Moderately overweight people have significantly lower mortality than those with "normal" BMI's; the really thin and the really fat do worse
A recent meta-analysis in the Journal of the American Medical Association (JAMA) concluded that the moderately fat by current standards (BMI 25-30) had significantly lower mortality than people in other standard weight categories.
The meta-analysis was very careful to exclude the normal confounding factors (e.g. ill people may well have low BMI's because of their illness).
The key conclusions were:
Relative to normal weight, both obesity (all grades) and grades 2 and 3 obesity were associated with significantly higher all-cause mortality. Grade 1 obesity overall was not associated with higher mortality, and overweight was associated with significantly lower all-cause mortality.

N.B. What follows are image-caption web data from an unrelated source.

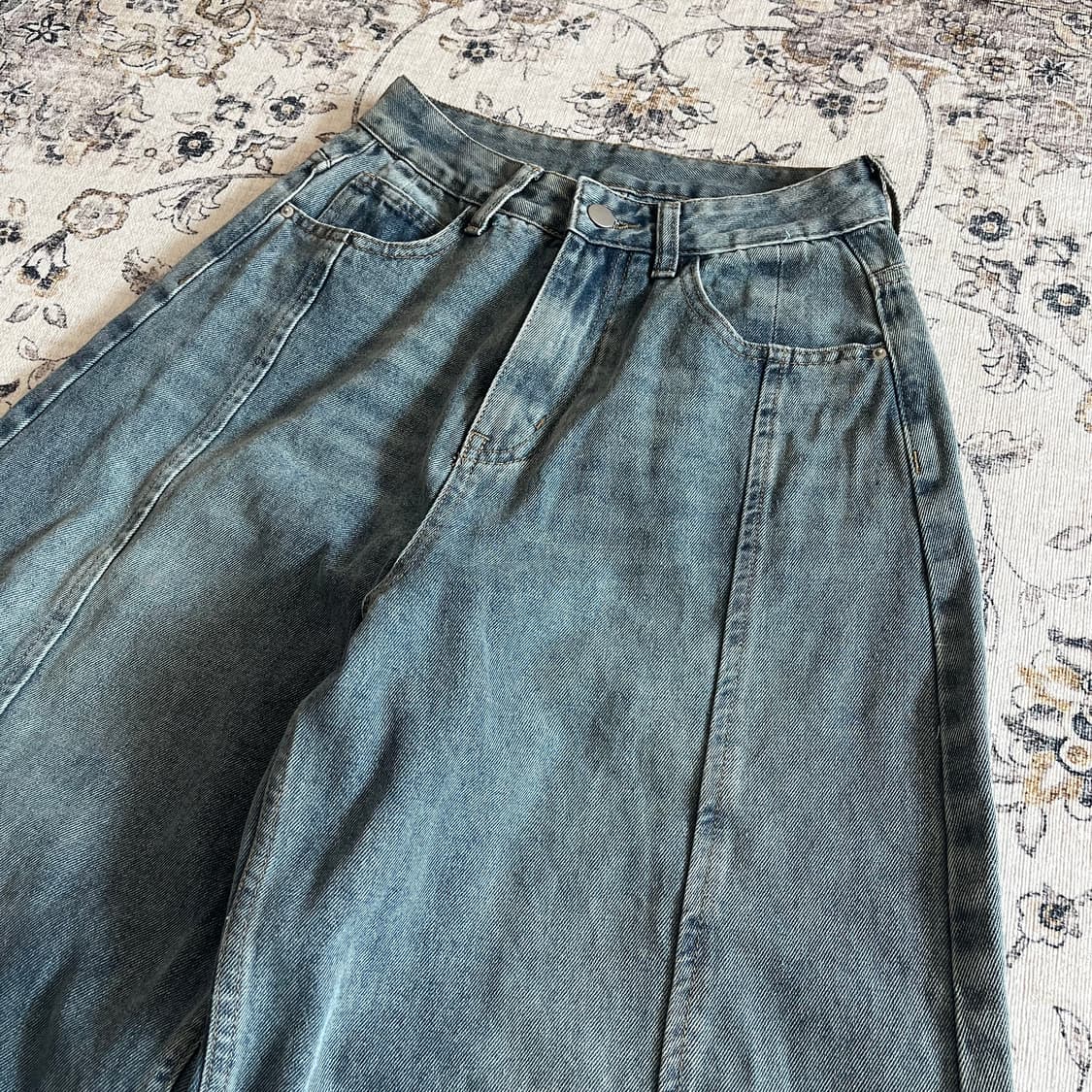 빈티지 절개 디테일 데님 벌룬팬츠 상품이미지3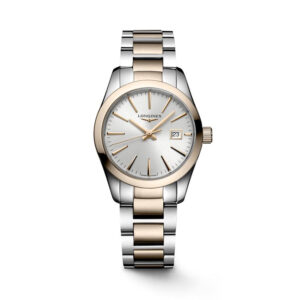 Longines, Conquest Classic with a 29.5mm stainless steel and rose gold PVD case and bracelet strap featuring a sunray silver dial.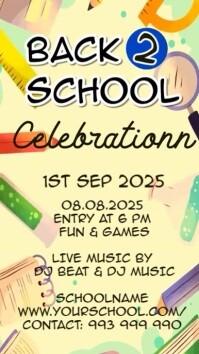 Yellow Maximalist Back to School Instagram Story template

The key numbers from the study are the definitions of the weight categories and the resulting mortality risk. These are given below:
- Normal, BMI 18.5-25, mortality risk 1
- overweight, BMI 25-30, mortality risk 0.94
- obese grade 1, BMI 30-35, mortality 0.95
- obese grade 2 and 3, BMI >35, mortality 1.29
So, moderately overweight seems to (slightly) associated with lower risk of death compared to the thin, but if you get too fat the risk of (technically association with as true causality is hard to prove) death goes up a lot.
What makes people think skinny or weight loss is healthy? Weight loss is a common sign of advancing disease. A Harvard review was horrified by this and similar studies suggesting obesity increases life expectancy. Here is their primary objection to this and other studies. ... included many samples of people who were chronically ill, current smokers and elderly, according to Hu. These factors are associated with weight loss and increased mortality. http://news.harvard.edu/gazette/story/2013/02/weight-and-mortality/
I also recognize being overweight may mean well-fed and a fully function immune system, but that does not equate to the known risks of diabetes, hypertension and heart disease.